-------- PROVIDED DATA

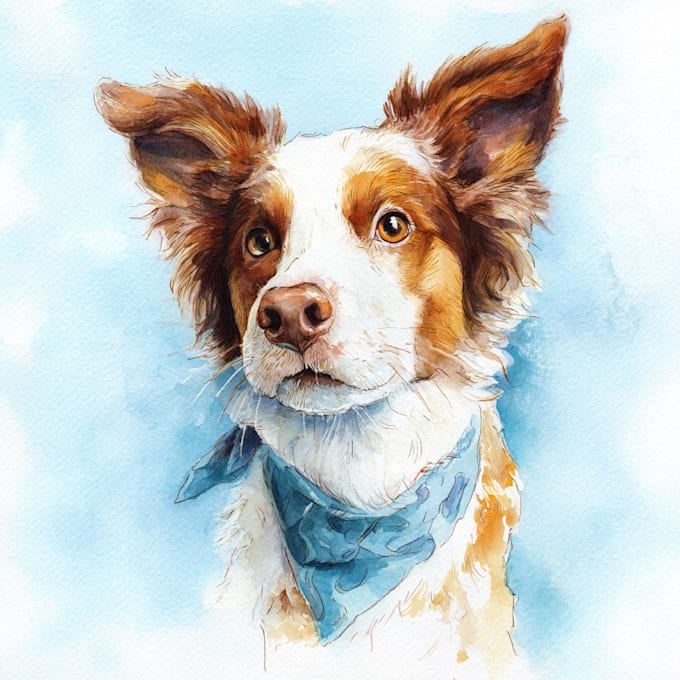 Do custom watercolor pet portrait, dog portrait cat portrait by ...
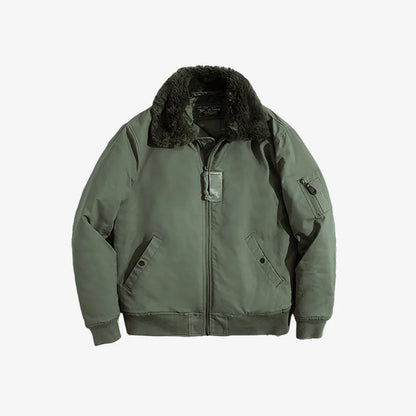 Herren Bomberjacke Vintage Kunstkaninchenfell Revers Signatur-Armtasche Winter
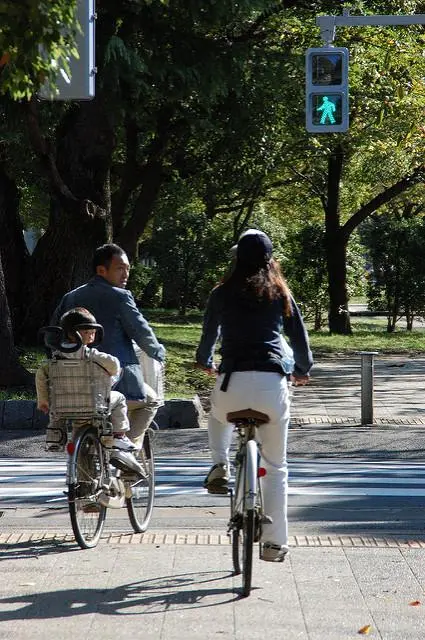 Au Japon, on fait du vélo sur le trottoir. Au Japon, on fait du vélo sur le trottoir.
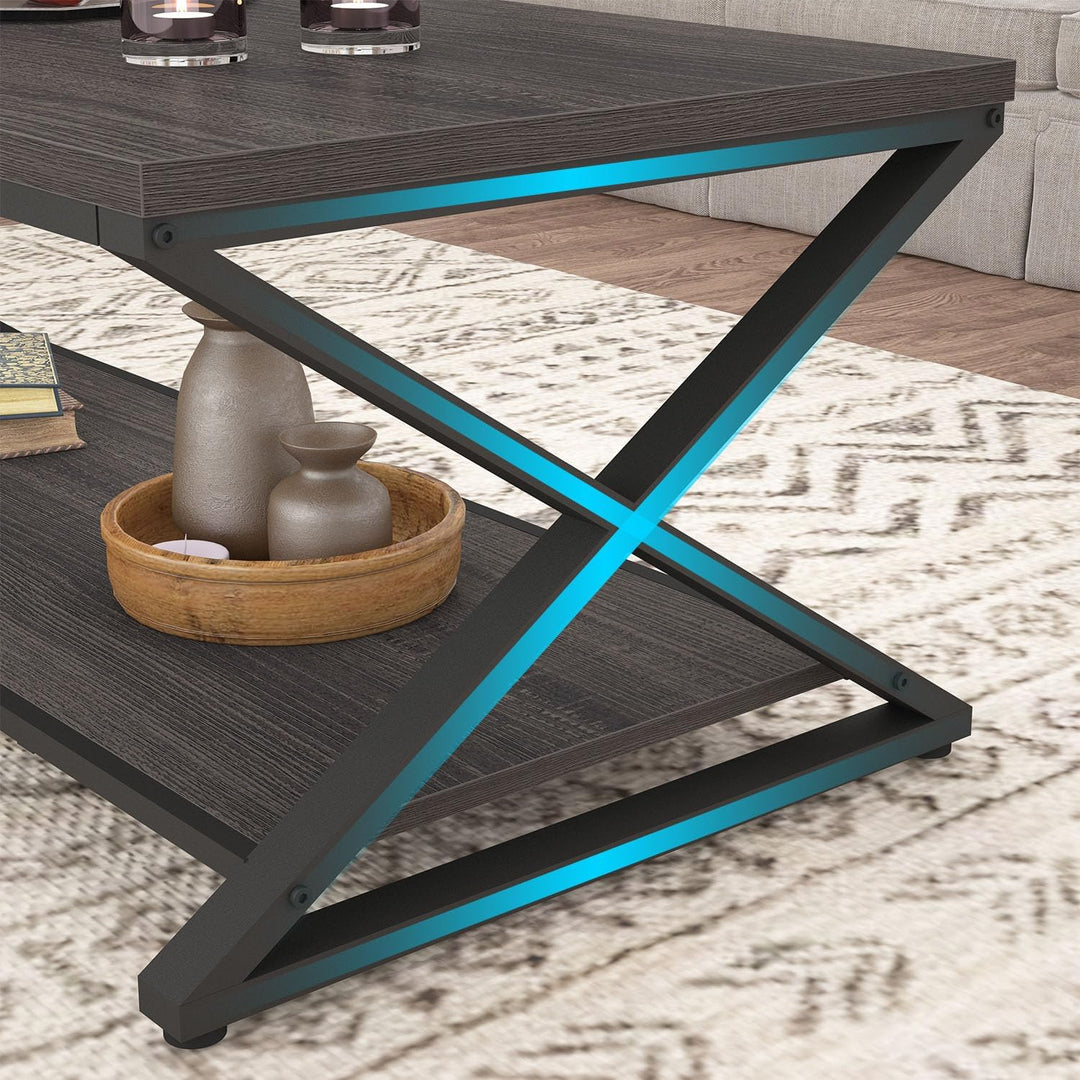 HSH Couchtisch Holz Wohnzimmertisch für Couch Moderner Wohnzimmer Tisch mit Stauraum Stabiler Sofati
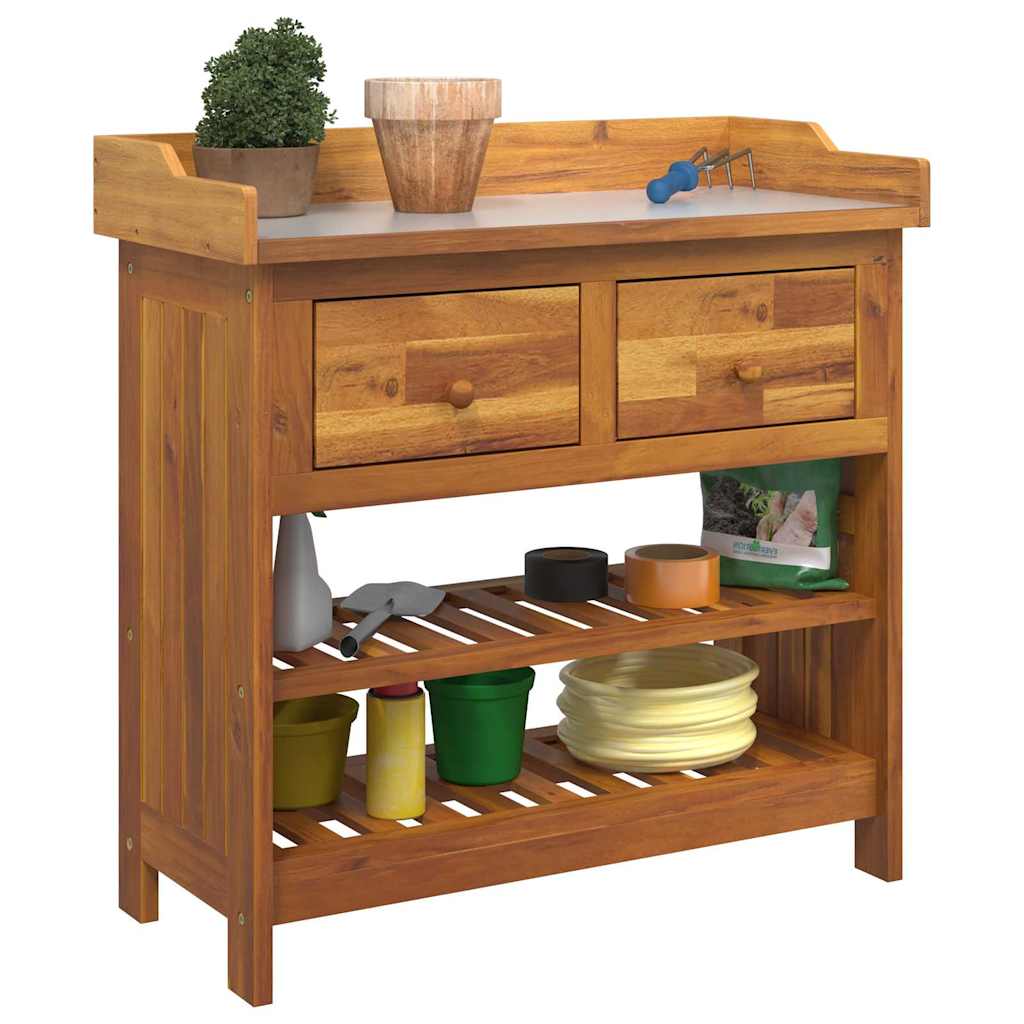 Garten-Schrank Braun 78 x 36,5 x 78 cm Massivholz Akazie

----------------

- **TO DO**:
Without copying any picture, write out the entries exactly.

- **SOLUTION FOR THIS TASK**:
 Do custom watercolor pet portrait, dog portrait cat portrait by ...
 Herren Bomberjacke Vintage Kunstkaninchenfell Revers Signatur-Armtasche Winter
 Au Japon, on fait du vélo sur le trottoir. Au Japon, on fait du vélo sur le trottoir.
 HSH Couchtisch Holz Wohnzimmertisch für Couch Moderner Wohnzimmer Tisch mit Stauraum Stabiler Sofati
 Garten-Schrank Braun 78 x 36,5 x 78 cm Massivholz Akazie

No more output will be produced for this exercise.